What this task involves — From the line containing "Now all I need" to the last line of the data, both included, transcribe each line exactly, leaving out pictures and adding nothing.

** Opening Information supplied block **

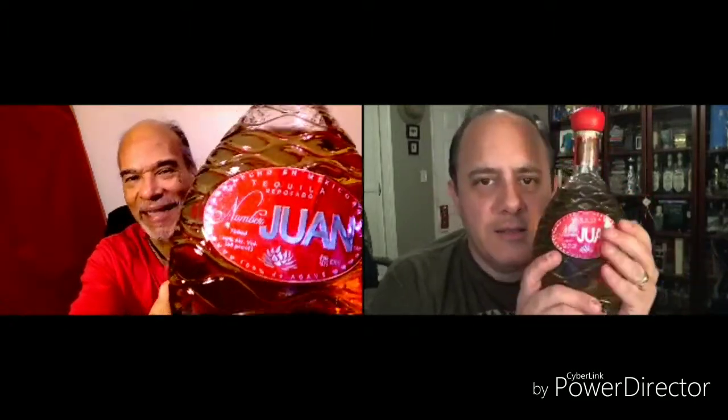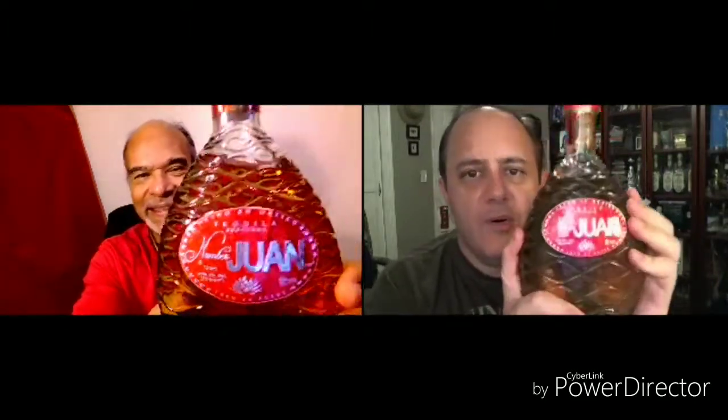Alex and I have been beside ourselves dissecting Number Juan. There can be only Juan. It's clever, right?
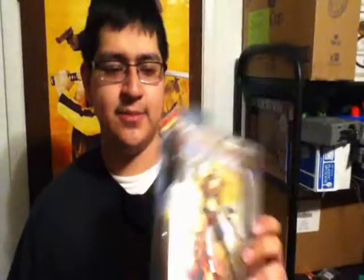Now all I need is just Tygra and then I can just buy a 3¾-inch Wiley Kit and Kat. I basically have my whole team right there. You can see that — I like the articulation on this one. Really cool.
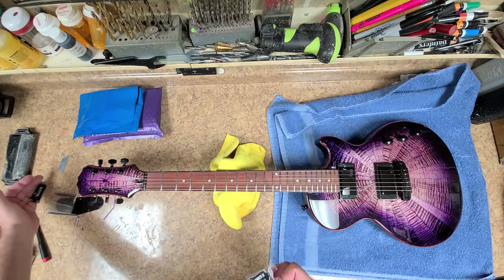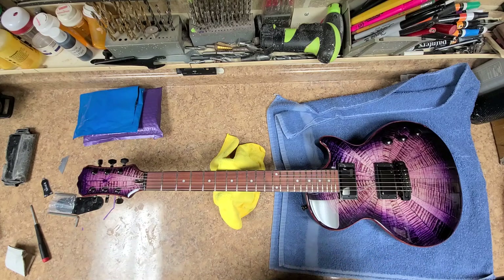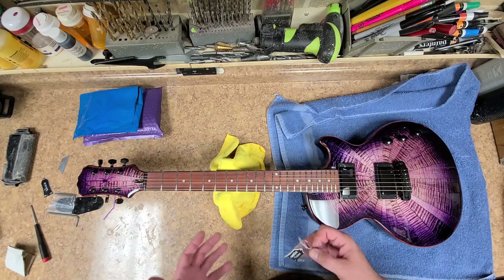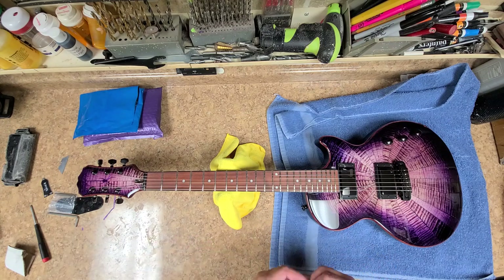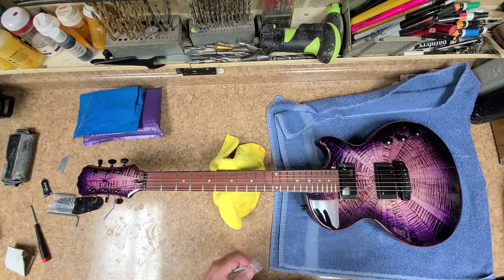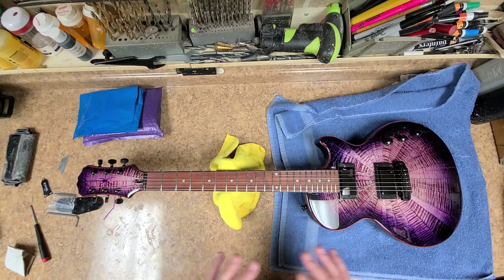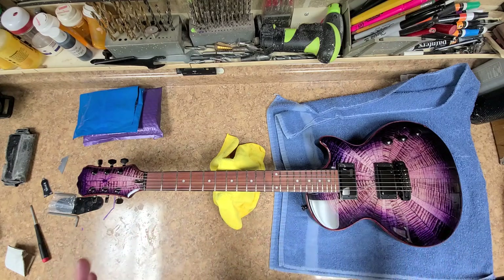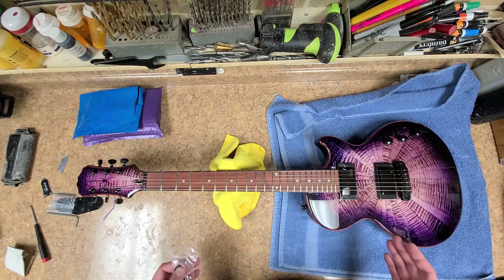I changed this whole guitar from just a standard Epiphone Les Paul Special 2 to now a custom guitar with upgrades as far as electronics, bridge, tuners, and nut. Just the whole outcome of this guitar — this is not a wall hanger. Whoever buys this guitar, I expect you to play it.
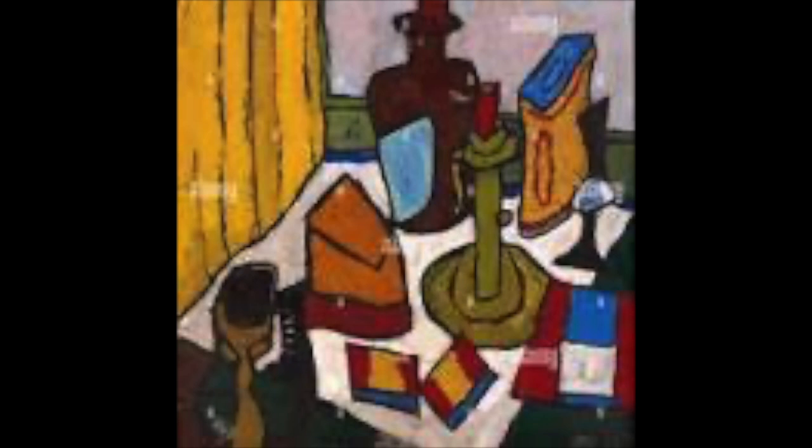William Johnson is the artist we're looking at today. He is an American painter who worked during the Harlem Renaissance. He moved to New York when he was 17 to study at the National Academy of Design. Though he explored several different styles during his career, he is known best for his folk art style of painting, which featured bright, flat colors, simplified shapes, and dark black outlines. He lived in Scandinavia as a young adult where he was inspired by a strong folk art tradition that influenced his folk art style.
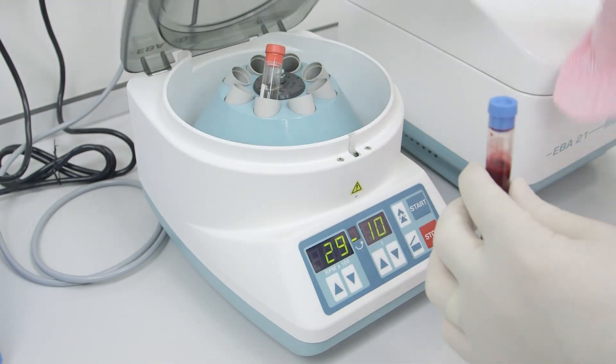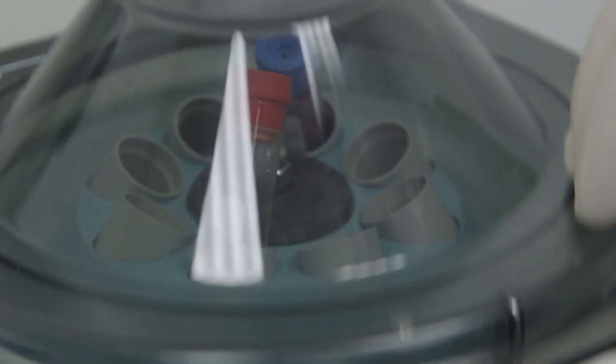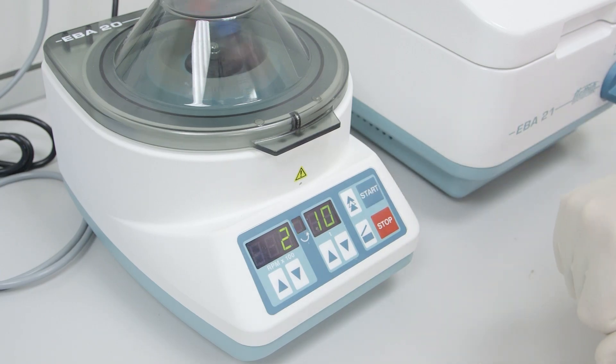This is placed in the centrifuge and spun at 1500 g's for 10 minutes, which allows separation of the various blood products.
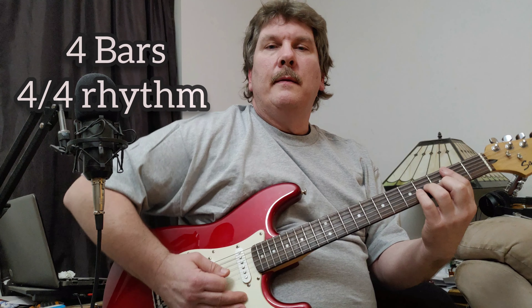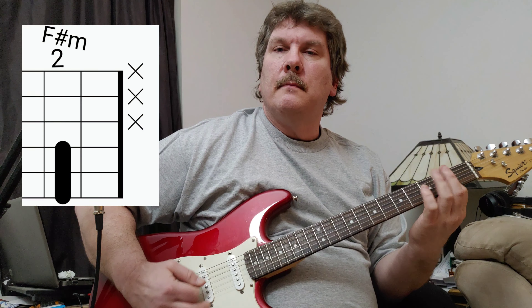Now, that riff happens over four bars of music. Once the song gets going, it's three bars of the D that I just showed you. And then on the third bar, it goes to an F sharp minor. That's just playing those same three strings, but only at the second fret.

** Closing Information supplied block **

Written solution —
Now all I need is just Tygra and then I can just buy a 3¾-inch Wiley Kit and Kat. I basically have my whole team right there. You can see that — I like the articulation on this one. Really cool.
I changed this whole guitar from just a standard Epiphone Les Paul Special 2 to now a custom guitar with upgrades as far as electronics, bridge, tuners, and nut. Just the whole outcome of this guitar — this is not a wall hanger. Whoever buys this guitar, I expect you to play it.
William Johnson is the artist we're looking at today. He is an American painter who worked during the Harlem Renaissance. He moved to New York when he was 17 to study at the National Academy of Design. Though he explored several different styles during his career, he is known best for his folk art style of painting, which featured bright, flat colors, simplified shapes, and dark black outlines. He lived in Scandinavia as a young adult where he was inspired by a strong folk art tradition that influenced his folk art style.
This is placed in the centrifuge and spun at 1500 g's for 10 minutes, which allows separation of the various blood products.
Now, that riff happens over four bars of music. Once the song gets going, it's three bars of the D that I just showed you. And then on the third bar, it goes to an F sharp minor. That's just playing those same three strings, but only at the second fret.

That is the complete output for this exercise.